Markets were broadly supported by AI demand, with Asian equities firmer and Nvidia in focus as the U.S. moves to block AI chip sales to Chinese firms outside China. Geopolitical risk remained elevated as Gulf peace talks stalled, lifting Brent 1.9% to $92.89 and U.S. crude 2.4% to $89.46, while U.S. 10-year yields rose 3 bps to 4.470%. The dollar was steady, with USD/JPY at 159.42 and EUR/USD at $1.1645, ahead of Friday's U.S. payrolls report.

Analysis

The most important second-order effect is not the headline restriction itself, but the widening gap between demand for AI infrastructure and the ability to legally monetize it across geographies. That tends to favor the “picks and shovels” suppliers with the cleanest compliance footprint and domestic/ally-adjacent manufacturing, while compressing upside for firms that rely on China-linked channel demand or gray-market re-exports. In practice, export-control tightening often helps the strongest platform vendor near-term via scarcity psychology, but it creates a medium-term negative for the broader AI compute stack as customers defer orders while they assess what configurations remain shippable.

The likely loser set is broader than direct China exposure suggests. Any company whose incremental growth depends on Asia-based assembly, distributor inventory cycling, or edge/accelerator upgrades in multinational data centers is vulnerable to a 1-2 quarter digestion period as procurement teams pause. Conversely, systems integrators and memory/networking suppliers with U.S. hyperscaler exposure can benefit if restricted Chinese demand is redirected into domestic capex, but that trade is weaker if oil-driven yields keep valuations compressing across duration-sensitive tech.

The geopolitical overlay matters because higher oil is raising real rates through the back door.
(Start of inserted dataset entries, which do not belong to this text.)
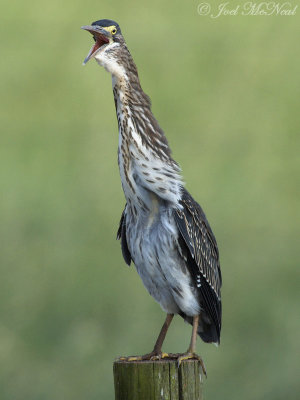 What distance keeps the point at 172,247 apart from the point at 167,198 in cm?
24

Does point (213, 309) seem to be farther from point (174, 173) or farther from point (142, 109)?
point (142, 109)

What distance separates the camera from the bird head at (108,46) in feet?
10.6

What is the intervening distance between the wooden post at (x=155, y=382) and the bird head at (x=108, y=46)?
1.32 meters

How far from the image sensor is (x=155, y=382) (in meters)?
2.83

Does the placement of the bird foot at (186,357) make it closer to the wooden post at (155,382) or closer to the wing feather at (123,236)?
the wooden post at (155,382)

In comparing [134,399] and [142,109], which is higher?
[142,109]

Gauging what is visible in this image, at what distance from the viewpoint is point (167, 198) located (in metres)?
3.44

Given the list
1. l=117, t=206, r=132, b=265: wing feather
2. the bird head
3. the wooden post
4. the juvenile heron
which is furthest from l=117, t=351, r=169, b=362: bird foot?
the bird head

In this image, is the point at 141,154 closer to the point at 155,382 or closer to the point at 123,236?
the point at 123,236

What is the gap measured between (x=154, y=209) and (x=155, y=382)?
0.95 metres

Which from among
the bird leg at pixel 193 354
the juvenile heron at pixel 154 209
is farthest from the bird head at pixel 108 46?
the bird leg at pixel 193 354

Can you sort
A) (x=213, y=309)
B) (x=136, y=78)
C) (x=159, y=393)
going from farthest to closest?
(x=213, y=309) < (x=136, y=78) < (x=159, y=393)

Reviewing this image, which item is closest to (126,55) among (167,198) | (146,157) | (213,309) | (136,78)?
(136,78)

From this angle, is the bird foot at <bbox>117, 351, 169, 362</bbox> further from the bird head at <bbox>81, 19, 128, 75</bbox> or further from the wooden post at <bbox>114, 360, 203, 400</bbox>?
the bird head at <bbox>81, 19, 128, 75</bbox> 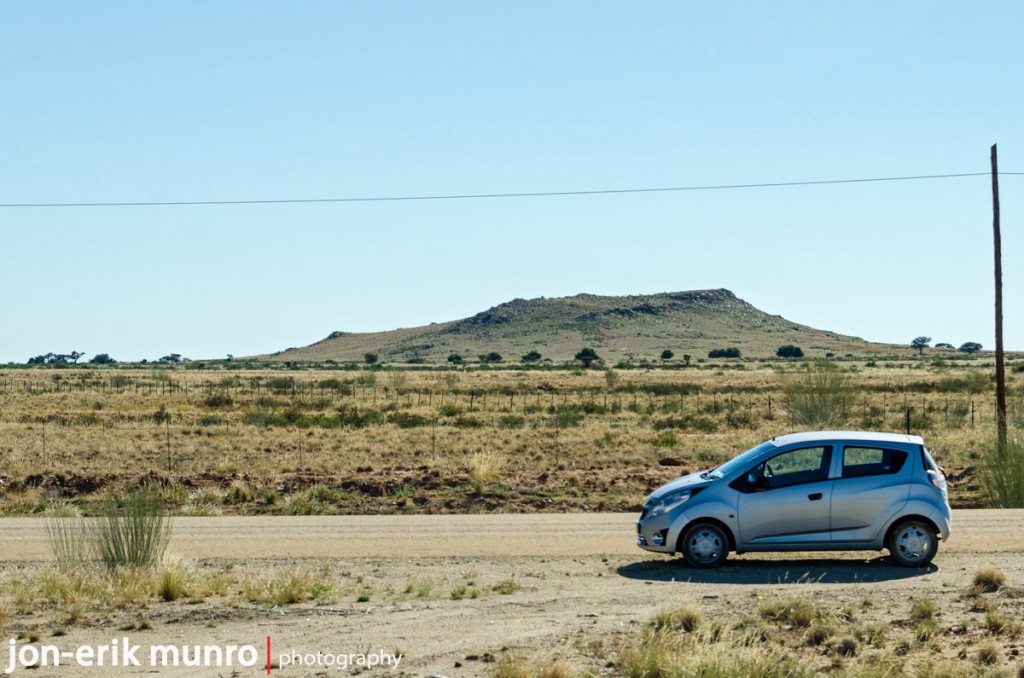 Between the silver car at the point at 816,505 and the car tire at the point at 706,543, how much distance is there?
0.05 ft

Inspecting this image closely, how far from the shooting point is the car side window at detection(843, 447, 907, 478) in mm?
15359

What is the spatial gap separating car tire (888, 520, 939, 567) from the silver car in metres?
0.01

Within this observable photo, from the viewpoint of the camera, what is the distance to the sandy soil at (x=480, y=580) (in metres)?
11.5

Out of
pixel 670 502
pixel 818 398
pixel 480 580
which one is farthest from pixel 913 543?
pixel 818 398

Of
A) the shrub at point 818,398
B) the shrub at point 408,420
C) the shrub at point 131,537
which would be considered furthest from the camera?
the shrub at point 408,420

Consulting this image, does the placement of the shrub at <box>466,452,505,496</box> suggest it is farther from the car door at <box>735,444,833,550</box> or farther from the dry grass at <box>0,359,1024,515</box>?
the car door at <box>735,444,833,550</box>

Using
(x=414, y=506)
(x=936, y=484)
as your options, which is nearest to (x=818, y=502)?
(x=936, y=484)

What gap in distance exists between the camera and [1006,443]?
24.3 meters

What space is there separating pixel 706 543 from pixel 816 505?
1.61 m

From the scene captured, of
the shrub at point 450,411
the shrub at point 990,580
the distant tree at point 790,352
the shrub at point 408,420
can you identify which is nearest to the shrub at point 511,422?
the shrub at point 408,420

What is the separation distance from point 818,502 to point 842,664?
4.76m

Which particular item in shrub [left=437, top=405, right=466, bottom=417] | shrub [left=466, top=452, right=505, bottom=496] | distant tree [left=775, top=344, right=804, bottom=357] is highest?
distant tree [left=775, top=344, right=804, bottom=357]

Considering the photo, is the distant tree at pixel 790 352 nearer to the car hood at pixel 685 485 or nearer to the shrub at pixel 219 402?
the shrub at pixel 219 402

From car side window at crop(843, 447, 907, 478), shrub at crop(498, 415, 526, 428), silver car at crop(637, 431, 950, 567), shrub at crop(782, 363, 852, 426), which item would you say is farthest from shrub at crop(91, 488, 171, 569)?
shrub at crop(782, 363, 852, 426) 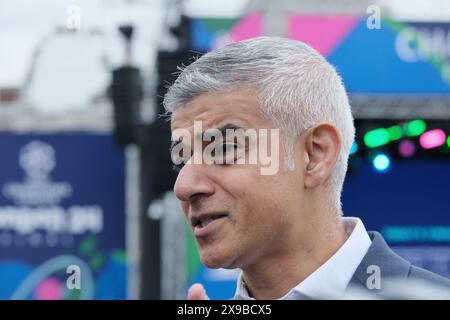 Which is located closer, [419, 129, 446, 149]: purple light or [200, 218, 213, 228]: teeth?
[200, 218, 213, 228]: teeth

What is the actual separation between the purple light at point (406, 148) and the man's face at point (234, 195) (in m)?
5.50

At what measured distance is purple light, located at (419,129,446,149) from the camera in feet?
20.4

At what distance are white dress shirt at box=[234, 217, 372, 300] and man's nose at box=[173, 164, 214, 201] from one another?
24cm

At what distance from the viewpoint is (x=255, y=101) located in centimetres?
146

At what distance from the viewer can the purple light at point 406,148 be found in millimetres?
6867

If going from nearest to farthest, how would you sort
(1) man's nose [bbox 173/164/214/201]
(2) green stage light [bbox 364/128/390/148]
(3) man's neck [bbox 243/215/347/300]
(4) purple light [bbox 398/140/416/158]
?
(1) man's nose [bbox 173/164/214/201] < (3) man's neck [bbox 243/215/347/300] < (2) green stage light [bbox 364/128/390/148] < (4) purple light [bbox 398/140/416/158]

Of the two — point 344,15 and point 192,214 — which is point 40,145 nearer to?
point 344,15

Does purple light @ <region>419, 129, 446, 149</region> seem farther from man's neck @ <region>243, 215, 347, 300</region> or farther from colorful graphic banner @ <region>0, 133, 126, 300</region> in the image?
man's neck @ <region>243, 215, 347, 300</region>

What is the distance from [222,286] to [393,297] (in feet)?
18.1

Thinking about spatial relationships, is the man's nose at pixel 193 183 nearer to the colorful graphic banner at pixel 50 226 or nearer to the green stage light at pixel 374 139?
the green stage light at pixel 374 139

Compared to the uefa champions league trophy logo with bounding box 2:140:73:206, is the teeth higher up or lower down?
lower down

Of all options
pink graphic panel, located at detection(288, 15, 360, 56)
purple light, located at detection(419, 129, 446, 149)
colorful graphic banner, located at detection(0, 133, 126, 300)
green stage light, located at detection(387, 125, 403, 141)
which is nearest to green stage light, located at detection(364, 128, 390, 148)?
purple light, located at detection(419, 129, 446, 149)

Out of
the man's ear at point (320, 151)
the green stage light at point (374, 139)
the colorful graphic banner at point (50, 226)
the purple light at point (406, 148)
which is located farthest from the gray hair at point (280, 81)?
the colorful graphic banner at point (50, 226) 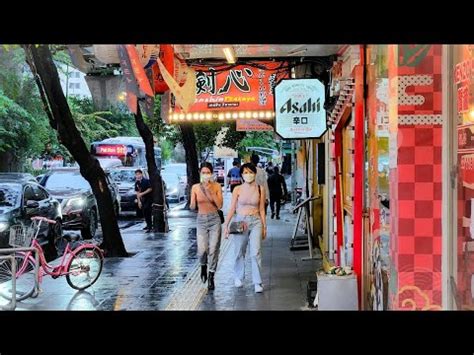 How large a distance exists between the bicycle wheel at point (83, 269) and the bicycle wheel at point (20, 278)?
547mm

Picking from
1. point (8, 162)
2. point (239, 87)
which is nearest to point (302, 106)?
point (239, 87)

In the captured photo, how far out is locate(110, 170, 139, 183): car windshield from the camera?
25.8 meters

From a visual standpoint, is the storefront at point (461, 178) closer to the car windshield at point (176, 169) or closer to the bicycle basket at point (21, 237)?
the bicycle basket at point (21, 237)

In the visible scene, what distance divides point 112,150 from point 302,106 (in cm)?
2238

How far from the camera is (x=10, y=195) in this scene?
13.2m

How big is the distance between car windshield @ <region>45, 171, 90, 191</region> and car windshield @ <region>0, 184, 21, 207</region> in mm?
4996

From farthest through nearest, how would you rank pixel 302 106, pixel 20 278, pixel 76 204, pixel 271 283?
pixel 76 204 → pixel 302 106 → pixel 271 283 → pixel 20 278

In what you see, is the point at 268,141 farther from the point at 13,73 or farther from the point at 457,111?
the point at 457,111

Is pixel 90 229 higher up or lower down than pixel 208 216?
lower down

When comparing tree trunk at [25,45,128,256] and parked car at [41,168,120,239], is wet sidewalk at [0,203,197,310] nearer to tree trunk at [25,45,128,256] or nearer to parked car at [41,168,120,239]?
tree trunk at [25,45,128,256]

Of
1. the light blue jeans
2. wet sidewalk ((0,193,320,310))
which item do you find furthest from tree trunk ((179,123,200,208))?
the light blue jeans

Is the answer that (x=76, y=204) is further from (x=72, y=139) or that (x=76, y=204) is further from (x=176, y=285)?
(x=176, y=285)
That combination is especially hostile to high-multiple AI names that already trade on long-duration cash flows, so the market may be underestimating how quickly “AI winner” multiple expansion can stall if 10-year yields remain near current levels or grind higher. The near-term catalyst path is binary: a softer tone on Middle East risk would relieve yields and re-ignite the AI complex; a stronger payroll print or any fresh export-control escalation would likely reinforce the move into quality and away from the more speculative AI beneficiaries.